#### INFORMATION PROVIDED:
◇ ◇ ◇ ◇

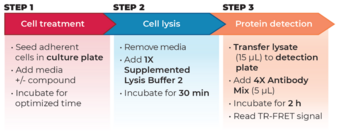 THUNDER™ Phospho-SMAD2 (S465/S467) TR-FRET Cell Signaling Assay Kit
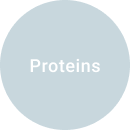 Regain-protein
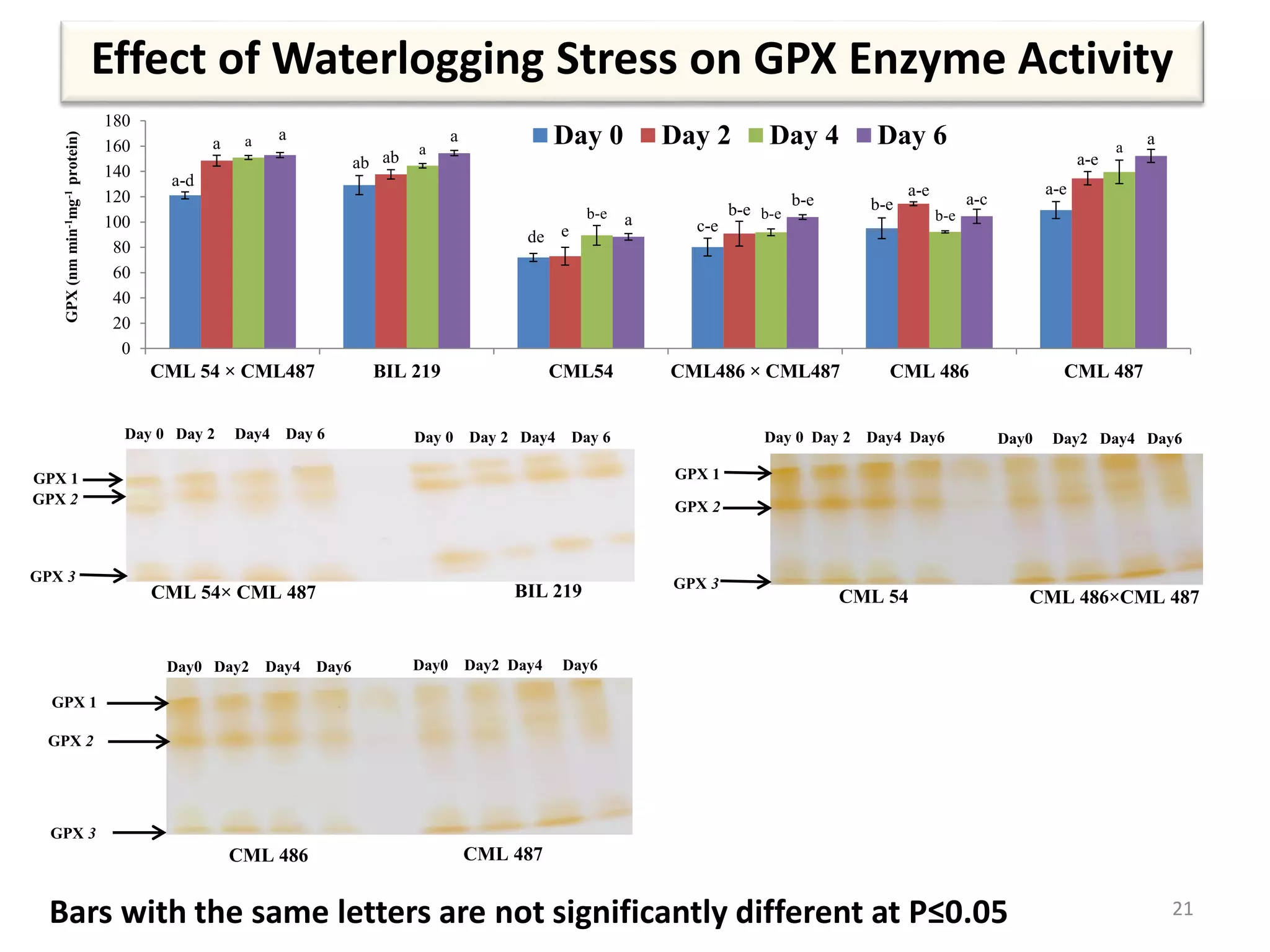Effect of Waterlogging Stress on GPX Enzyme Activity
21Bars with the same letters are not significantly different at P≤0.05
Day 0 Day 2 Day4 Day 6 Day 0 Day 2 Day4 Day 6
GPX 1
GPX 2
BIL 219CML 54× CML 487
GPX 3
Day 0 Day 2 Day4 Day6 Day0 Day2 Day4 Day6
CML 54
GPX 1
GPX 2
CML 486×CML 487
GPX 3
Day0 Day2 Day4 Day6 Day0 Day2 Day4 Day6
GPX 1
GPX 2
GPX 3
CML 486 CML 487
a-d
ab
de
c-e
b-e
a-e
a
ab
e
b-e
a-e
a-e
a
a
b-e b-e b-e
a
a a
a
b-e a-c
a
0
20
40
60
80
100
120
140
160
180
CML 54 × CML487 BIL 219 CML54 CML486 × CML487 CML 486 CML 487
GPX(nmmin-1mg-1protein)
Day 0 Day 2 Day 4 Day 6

◇ ◇ ◇ ◇

#### DESCRIPTION OF THE TASK:
Transcribe the listing exactly, skipping pictures.

#### SOLUTION:
 THUNDER™ Phospho-SMAD2 (S465/S467) TR-FRET Cell Signaling Assay Kit
 Regain-protein
Effect of Waterlogging Stress on GPX Enzyme Activity
21Bars with the same letters are not significantly different at P≤0.05
Day 0 Day 2 Day4 Day 6 Day 0 Day 2 Day4 Day 6
GPX 1
GPX 2
BIL 219CML 54× CML 487
GPX 3
Day 0 Day 2 Day4 Day6 Day0 Day2 Day4 Day6
CML 54
GPX 1
GPX 2
CML 486×CML 487
GPX 3
Day0 Day2 Day4 Day6 Day0 Day2 Day4 Day6
GPX 1
GPX 2
GPX 3
CML 486 CML 487
a-d
ab
de
c-e
b-e
a-e
a
ab
e
b-e
a-e
a-e
a
a
b-e b-e b-e
a
a a
a
b-e a-c
a
0
20
40
60
80
100
120
140
160
180
CML 54 × CML487 BIL 219 CML54 CML486 × CML487 CML 486 CML 487
GPX(nmmin-1mg-1protein)
Day 0 Day 2 Day 4 Day 6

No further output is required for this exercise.